MVP Tech Debt Winter 2022 Edition
While most MVPs fail, a few manage to succeed despite technical trade-offs that minimize time to market. Promises made to pay off the tech debt are rarely kept.
It’s easy to say that MVPs should be discarded as soon as Series A hits the bank. There are few public data sources (here’s one) available to know for sure what happens to most MVPs, proofs of concept, and first swings. Based on over 30 years of software development experience, I would argue that start-ups rarely throw away their first attempts because investors introduce even more pressure to grow the business and build more features. There is no time to stop to unravel unfortunate decisions. A rewrite only happens after the chicken wire and duct tape fail to hold.
These are some of the significant decisions made by myself and colleagues that are currently haunting me. Of course, there are many more, but I don’t time to list them all.
Whether the problematic nature of these approaches manifest themselves immediately or years after their deployment, they are near impossible to fix without grit, cash, and good graces with management.
1. Synchronous and nonidempotent mutations
The longer an operation takes the more likely a client is to receive an error. Can they safely retry?
If you’re designing an API and you’re unfamiliar with request ids and asynchronous APIs, educate yourself immediately. Mutating remote data without both will cause you endless trouble at the worst possible moment.
2. Failing to plan for auditors
In case you need to eventually build an audit trail of data modifications, store API request ids (see the previous item) with your data (e.g., a column in every table). Persistent storage is likely to become the data source for audit trail observers. Request ids are a quick and dirty way to join disparate systems. If you plan ahead, you will get this capability with almost no effort. This isn’t a perfect solution but something is always better than nothing.
3. Betting the farm on NoSQL data storage
NoSQL is an excellent choice for a demo involving a maximum of two concurrent users and simplistic requirements. You will however rue the day you didn’t use a database with unique constraints and consistency guarantees before understanding the needs of real users.
Ride PostgreSQL to the end of the road! It will take you further than you think. While NoSQL addresses high-volume low-latency use cases in the best way, NoSQL also makes easy things hard.
4. Remote APIs that return data instead of resources (aka graphs)

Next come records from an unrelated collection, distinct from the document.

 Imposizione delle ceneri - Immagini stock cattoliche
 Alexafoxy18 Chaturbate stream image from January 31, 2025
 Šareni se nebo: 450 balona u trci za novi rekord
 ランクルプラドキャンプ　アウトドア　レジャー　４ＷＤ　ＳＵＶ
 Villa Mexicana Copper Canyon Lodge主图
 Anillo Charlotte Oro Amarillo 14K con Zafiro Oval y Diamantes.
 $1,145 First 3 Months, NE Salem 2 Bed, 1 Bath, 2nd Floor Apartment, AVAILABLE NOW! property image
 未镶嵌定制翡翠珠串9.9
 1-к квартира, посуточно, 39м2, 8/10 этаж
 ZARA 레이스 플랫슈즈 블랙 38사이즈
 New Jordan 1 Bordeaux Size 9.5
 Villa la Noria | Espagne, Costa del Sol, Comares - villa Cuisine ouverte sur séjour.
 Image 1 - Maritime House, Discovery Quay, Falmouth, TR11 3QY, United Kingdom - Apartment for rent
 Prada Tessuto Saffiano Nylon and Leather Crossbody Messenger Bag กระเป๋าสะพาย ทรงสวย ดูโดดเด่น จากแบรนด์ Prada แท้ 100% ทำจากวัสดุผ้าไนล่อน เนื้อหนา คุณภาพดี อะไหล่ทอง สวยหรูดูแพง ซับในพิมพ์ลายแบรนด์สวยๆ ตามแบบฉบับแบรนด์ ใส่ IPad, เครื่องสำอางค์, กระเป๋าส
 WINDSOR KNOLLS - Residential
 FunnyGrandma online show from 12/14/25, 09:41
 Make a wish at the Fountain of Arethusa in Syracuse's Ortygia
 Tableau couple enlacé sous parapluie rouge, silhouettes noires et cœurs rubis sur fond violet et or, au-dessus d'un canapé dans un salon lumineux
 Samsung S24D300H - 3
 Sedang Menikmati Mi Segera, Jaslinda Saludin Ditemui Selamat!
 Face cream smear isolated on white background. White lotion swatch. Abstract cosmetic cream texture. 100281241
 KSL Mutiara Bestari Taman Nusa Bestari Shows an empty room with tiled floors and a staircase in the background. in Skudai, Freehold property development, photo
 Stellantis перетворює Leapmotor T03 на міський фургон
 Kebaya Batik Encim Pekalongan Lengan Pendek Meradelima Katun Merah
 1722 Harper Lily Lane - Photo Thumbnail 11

We’ve all been there. The frontend view is “just” a table. An endpoint that returns an array of key-value pairs satisfies the use case.
Your manager’s manager is telling everyone to keep it simple, stupid! and they’re asking “Why would anyone over-complicate such a simple task?”
Is the easy way the best way? Absolutely not!
Client application-based API design is one of the best ways to paint yourself into a corner.
View-oriented endpoints are not reusable. Their result sets don’t match the intent of RESTful resources — they are instead a Frankenstein’s monster of inseparable amalgamated resources. When the frontend view changes, so will its corresponding backend endpoint.
Design resources. Return arrays of them. Make sure the frontend team uses a library that converts nested objects to arrays of components without hand-coding this basic universal need.
If performance trumps all other concerns, save yourself the headache and intentionally use RPC instead of REST.